By: - July 7, 2022 10:03 am
Attorney General candidate Tony Mattivi said new polling demonstrates voters are drawn to his record as a prosecutor of criminals and terrorists. In previous polls, Kris Kobach, left, and Kellie Warren, right, have held leads on Mattivi. (Kansas Reflector photos by Tim Carpenter and Sherman Smith)

Attorney General candidate Tony Mattivi said new polling demonstrates voters are drawn to his record as a prosecutor of criminals and terrorists. In previous polls, Kris Kobach, left, and Kellie Warren, right, have held leads on Mattivi. (Kansas Reflector photos by Tim Carpenter and Sherman Smith)

TOPEKA — Attorney General candidate Tony Mattivi’s campaign released a poll Thursday pointing to the high percentage of Kansas Republicans undecided about who to vote for in the race and evidence Mattivi’s biography as a federal prosecutor who took on terrorists and other criminals could be persuasive at the ballot box.

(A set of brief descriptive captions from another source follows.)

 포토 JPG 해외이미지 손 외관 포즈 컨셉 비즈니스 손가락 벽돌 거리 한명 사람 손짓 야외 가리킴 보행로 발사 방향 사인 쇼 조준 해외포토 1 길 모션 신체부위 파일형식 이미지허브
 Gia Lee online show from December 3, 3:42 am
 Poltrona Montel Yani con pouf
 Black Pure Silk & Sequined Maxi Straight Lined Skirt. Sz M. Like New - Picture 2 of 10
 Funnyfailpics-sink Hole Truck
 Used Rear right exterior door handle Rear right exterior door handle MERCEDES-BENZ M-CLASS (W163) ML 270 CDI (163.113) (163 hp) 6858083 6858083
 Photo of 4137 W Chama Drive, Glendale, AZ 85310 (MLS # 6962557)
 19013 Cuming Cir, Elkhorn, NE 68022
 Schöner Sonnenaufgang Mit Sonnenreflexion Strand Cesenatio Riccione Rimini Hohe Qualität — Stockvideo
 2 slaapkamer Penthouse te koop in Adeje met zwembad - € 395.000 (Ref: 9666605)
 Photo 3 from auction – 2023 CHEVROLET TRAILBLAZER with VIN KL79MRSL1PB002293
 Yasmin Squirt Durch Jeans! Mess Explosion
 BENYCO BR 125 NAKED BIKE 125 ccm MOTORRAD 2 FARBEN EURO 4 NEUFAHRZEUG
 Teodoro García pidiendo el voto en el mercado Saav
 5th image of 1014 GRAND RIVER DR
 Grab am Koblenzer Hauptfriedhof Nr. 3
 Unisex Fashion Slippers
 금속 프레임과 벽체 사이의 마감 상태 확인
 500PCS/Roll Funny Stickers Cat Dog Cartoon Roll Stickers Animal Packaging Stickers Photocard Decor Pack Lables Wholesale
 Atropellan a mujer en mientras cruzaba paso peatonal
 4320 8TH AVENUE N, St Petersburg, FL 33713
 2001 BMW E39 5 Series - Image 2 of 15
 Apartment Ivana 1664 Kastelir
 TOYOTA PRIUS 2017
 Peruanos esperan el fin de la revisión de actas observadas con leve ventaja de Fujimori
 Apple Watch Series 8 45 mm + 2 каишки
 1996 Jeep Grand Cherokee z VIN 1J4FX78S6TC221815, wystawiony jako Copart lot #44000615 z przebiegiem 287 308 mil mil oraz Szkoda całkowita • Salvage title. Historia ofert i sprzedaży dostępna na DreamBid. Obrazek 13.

Mattivi trailed GOP challengers Kris Kobach and Kellie Warren in the poll’s initial snapshot of likely Republican voters in the Aug. 2 primary, but surged past both rivals when these prospective voters were told he was a former federal prosecutor who worked on drug trafficking, violent crime, racketeering and money laundering cases as well as cases of international terrorism from Guantanamo Bay to Iraq and domestic terrorism in Kansas.

In the initial take in the poll by Cygnal of Washington, D.C., voters preferred Kobach at 30.6%, Warren at 16.4% and Mattivi at 8.9%. A startling 44.1% in the poll conducted June 30 to July 1 said they were still undecided with one month left in the primary campaign.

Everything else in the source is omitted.